▶ _PROVIDED MATERIAL_:
——————————

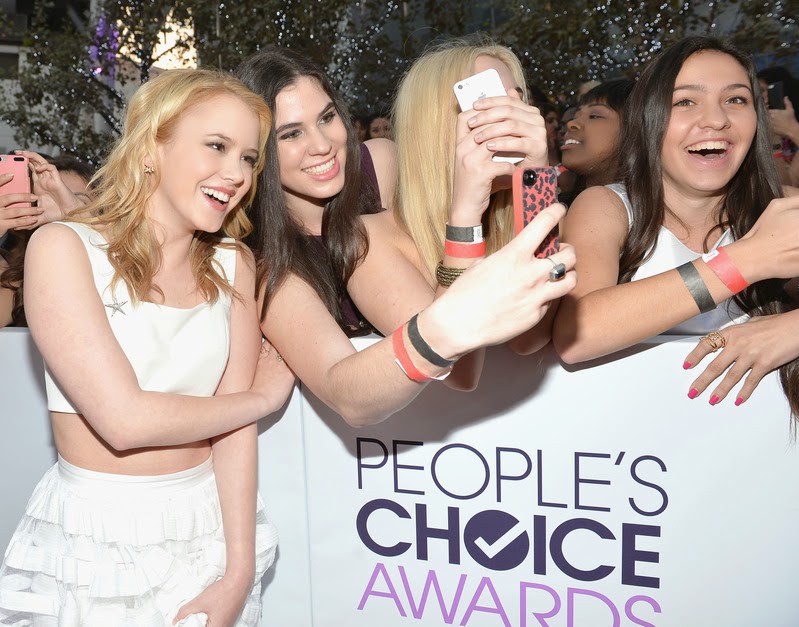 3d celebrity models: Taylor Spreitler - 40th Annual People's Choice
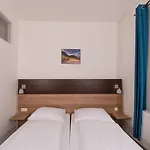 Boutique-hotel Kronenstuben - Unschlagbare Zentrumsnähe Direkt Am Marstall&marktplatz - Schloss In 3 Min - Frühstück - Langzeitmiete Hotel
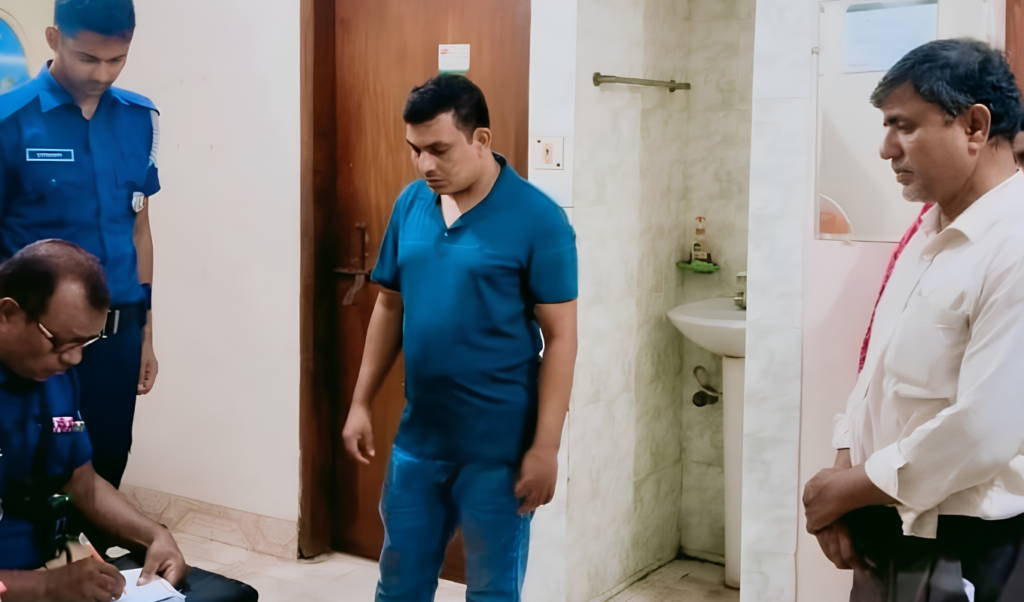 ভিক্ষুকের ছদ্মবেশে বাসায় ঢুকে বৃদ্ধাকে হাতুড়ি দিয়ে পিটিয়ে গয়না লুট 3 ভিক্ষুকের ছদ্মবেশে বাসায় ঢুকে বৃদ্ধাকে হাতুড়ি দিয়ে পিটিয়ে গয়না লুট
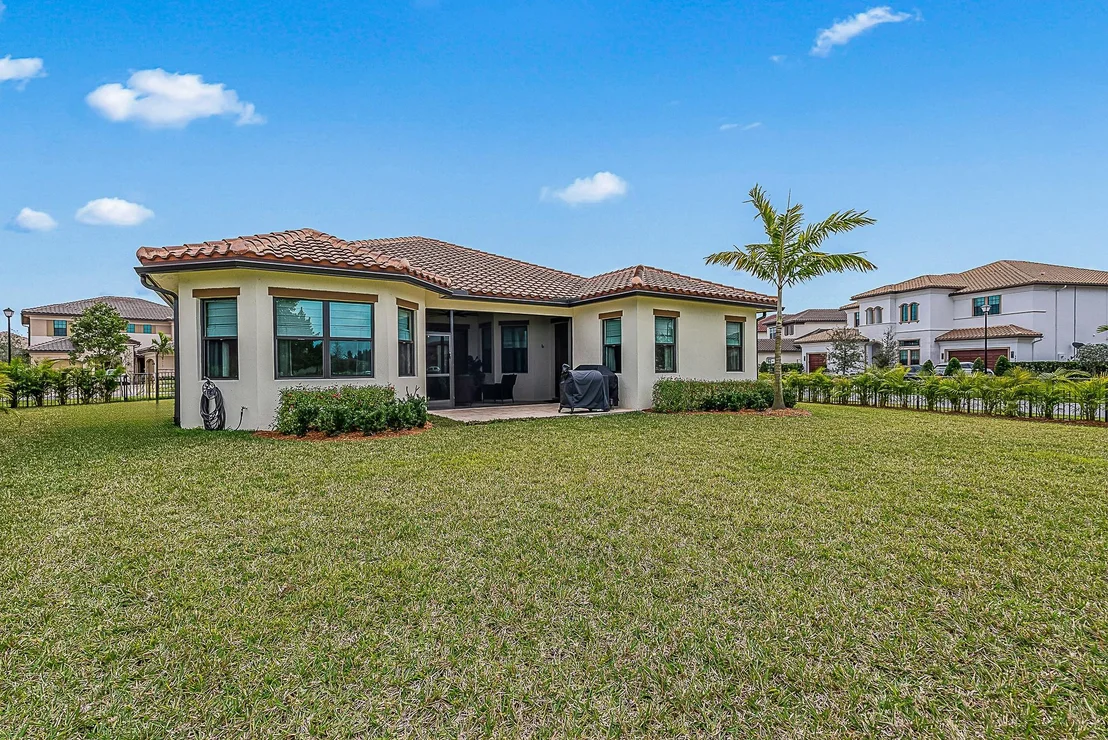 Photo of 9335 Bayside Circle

——————————

▶ _TRY IT_:
Only the lines from the one containing "গয়না লুট 3" through the final line of the data are to be written out, exactly as they stand and without pictures.

▶ _YOUR RESPONSE_:
 ভিক্ষুকের ছদ্মবেশে বাসায় ঢুকে বৃদ্ধাকে হাতুড়ি দিয়ে পিটিয়ে গয়না লুট 3 ভিক্ষুকের ছদ্মবেশে বাসায় ঢুকে বৃদ্ধাকে হাতুড়ি দিয়ে পিটিয়ে গয়না লুট
 Photo of 9335 Bayside Circle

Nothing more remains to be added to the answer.